In the previous series on Exodus we saw how God redeemed Israel from slavery and brought them to Himself at Mount Sinai. There He entered into a covenant relationship with them. This was a critical stage in His plan to restore His creation. They were free, but not with the perverse kind of freedom to which Adam aspired.

The rest of the story describes what they did with that freedom and discovered what the LORD intended by the statement, “I will be your God and you will be My people”. This relationship is at the heart of covenant, lifting it above the notion of a mere contract.

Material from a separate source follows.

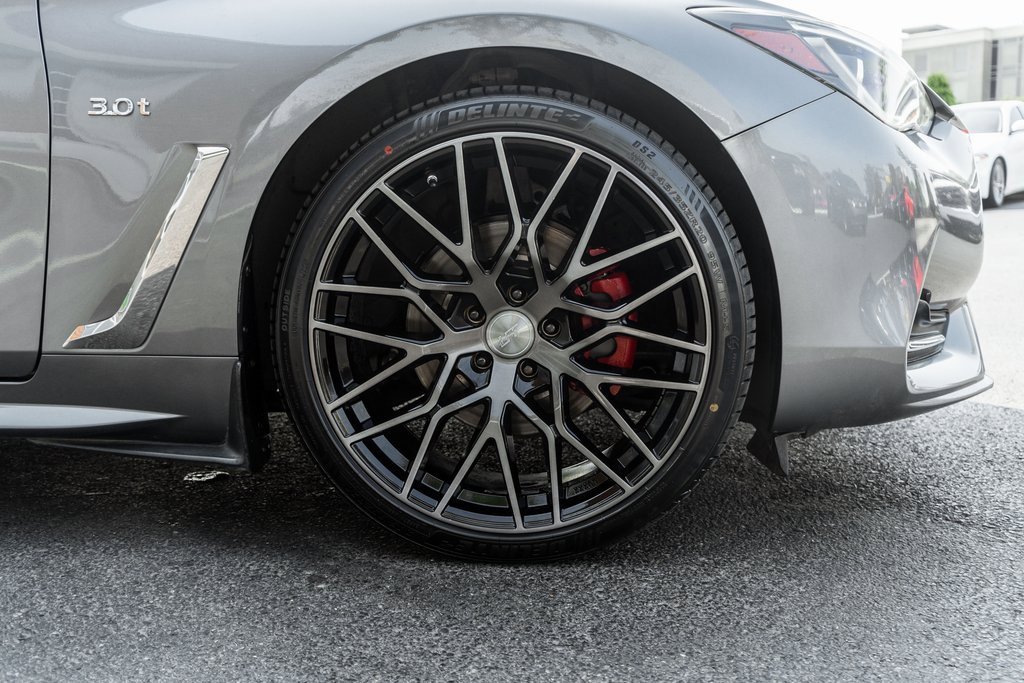 Used 2018 INFINITI Q60 3.0t Luxe image 5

  • We will begin with a brief overview of the major covenants described in the Bible.
  • The second part deals with the regulations that governed the corporate life of Israel and kept it separate from the nations. Leviticus is the main text for this section, with cross reference to the associated New Testament passages.
  • In the third part we engage with the Epistle to the Hebrews, demonstrating how the purpose of the High Priesthood of Jesus was the inauguration of the New Covenant, made first with the House of Israel and the House of Judah.
  • Finally, in Galatians, we see how the tension between the two Covenants is resolved in the coming of Jesus and the Holy Spirit.

I am particularly indebted to Professor G.J. Wenham for his insights into Leviticus in “The New International Commentary on the Old Testament” series, and to Michael Eaton for his understanding of the Law, particularly in Galatians, in “A Theology of Encouragement”.